In der Abschlussdiskussion, an der sich alle Dozenten und Teilnehmer beteiligten, konnten die Doktoranden Tipps und Tricks zum Verfassen von akademischen Arbeiten aus erster Hand erfahren und passend zur zentralen Fragestellung der Tagung weitere, neue Aspekte zur Thematik erörtern. Diese Tagung bot allen Mitwirkenden die einmalige Möglichkeit, theoretisches Zusatzwissen und neue Anregungen für ihre Projekte zu gewinnen. Besonders bereichernd war jedoch der persönliche Kontakt zwischen den Teilnehmern. In privaten Gesprächen konnten die Doktoranden somit nicht nur Lücken in ihrer eigenen Arbeit schliessen, sondern auch wichtige Bausteine für die Forschung zusammentragen. In der gegenseitigen Vernetzung und durch den informellen Austausch konnten auf diese Weise innovative, neue Fragen entstehen, die künftig der historischen Forschergemeinschaft als Anregung dienen könnten. Die Tagung stärkte in den Teilnehmern auch das Bewusstsein für interdisziplinäres Arbeiten. Geweckt wurde zudem die Erkenntnis über die Wichtigkeit der Begriffe „Wandlung“ und „Vielfalt“ für die Forschung im Bereich „Jüdische Studien“ im Besonderen und der Geschichtswissenschaft im Allgemeinen.

Weiterführende Literatur:
Biale, David, Cultures of the Jews: A new history, New York, 2002.

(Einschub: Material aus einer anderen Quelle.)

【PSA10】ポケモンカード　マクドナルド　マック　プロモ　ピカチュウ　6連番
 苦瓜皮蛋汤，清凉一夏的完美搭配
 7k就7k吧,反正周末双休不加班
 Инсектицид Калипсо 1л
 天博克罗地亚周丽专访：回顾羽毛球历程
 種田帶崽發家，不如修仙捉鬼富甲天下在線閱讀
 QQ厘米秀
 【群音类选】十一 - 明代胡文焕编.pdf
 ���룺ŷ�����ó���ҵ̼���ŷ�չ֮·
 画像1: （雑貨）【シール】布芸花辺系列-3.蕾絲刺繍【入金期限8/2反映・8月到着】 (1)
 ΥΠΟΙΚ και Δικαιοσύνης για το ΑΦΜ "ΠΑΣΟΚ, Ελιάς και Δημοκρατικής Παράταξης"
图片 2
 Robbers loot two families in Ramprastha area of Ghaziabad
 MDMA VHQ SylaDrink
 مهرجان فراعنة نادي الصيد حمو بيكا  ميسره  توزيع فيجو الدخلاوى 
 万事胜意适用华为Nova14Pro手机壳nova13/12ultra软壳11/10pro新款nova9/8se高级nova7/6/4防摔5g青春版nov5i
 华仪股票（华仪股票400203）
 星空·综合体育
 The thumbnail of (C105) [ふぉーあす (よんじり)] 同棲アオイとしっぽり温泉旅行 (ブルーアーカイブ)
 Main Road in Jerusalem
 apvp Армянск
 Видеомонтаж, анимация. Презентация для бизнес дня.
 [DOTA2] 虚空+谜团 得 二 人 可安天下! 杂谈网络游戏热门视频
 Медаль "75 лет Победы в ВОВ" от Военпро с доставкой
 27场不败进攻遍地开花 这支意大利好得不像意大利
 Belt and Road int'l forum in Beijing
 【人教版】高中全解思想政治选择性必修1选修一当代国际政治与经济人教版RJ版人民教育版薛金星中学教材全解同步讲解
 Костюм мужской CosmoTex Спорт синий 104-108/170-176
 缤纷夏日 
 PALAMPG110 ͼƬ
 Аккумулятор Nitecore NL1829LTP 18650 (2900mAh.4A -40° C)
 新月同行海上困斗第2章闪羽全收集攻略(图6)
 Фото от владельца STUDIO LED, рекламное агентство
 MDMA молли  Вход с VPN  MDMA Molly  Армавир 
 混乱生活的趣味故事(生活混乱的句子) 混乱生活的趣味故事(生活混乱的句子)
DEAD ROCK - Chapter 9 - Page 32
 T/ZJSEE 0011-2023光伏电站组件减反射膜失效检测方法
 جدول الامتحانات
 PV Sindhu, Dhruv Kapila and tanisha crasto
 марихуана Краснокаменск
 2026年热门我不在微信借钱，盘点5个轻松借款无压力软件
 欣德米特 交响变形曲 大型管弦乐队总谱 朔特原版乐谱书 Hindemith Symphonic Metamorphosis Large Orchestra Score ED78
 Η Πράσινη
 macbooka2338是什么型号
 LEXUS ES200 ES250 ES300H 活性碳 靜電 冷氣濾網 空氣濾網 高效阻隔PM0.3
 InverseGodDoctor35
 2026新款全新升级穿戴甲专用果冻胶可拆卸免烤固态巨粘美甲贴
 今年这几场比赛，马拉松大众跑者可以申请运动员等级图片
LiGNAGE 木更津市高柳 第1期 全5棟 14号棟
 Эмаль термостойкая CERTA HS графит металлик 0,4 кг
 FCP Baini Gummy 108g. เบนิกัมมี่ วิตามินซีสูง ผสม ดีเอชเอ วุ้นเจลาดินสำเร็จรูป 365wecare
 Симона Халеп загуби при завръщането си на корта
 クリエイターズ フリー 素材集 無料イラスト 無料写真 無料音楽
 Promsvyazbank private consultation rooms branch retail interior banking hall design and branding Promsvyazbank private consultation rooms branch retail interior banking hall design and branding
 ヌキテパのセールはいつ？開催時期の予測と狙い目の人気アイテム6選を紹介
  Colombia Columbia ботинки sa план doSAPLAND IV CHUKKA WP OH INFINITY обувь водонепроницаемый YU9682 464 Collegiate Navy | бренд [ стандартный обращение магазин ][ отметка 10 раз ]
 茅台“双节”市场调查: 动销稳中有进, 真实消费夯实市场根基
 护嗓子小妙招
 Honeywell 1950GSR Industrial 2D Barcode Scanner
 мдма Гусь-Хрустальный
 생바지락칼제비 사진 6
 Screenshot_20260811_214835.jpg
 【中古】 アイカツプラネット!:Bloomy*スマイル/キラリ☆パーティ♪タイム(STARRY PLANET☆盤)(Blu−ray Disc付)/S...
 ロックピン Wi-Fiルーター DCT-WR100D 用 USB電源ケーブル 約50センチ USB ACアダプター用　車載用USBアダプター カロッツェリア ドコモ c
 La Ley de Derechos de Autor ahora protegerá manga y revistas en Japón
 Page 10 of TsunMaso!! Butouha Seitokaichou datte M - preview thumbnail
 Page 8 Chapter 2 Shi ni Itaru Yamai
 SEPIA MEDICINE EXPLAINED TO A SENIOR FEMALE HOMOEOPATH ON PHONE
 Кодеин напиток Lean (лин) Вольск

Biale, David, Galchinsky, Michael, and Heschel, Susannah, Insider/Outsider: American Jews and Multiculturalism, Berkley, 1998.

Cohen, Richard I., Jewish Icons: Art and Society in Modern Europe, Berkley, 1998.

Raz-Krakotzkin, The Zionist Return to the West and the Mizrachi Jewish Perspective, in: Davidson Kalmar, Ivan, Penslar, Derek J., Orientalism and the Jews, Hannover und Lodon, 2005, S. 179-181.

Said, Edward, Orientalism, Western Conceptions of the Orient, New York, 1978.

Slezkine, The Jewish Century, Princton, 2004.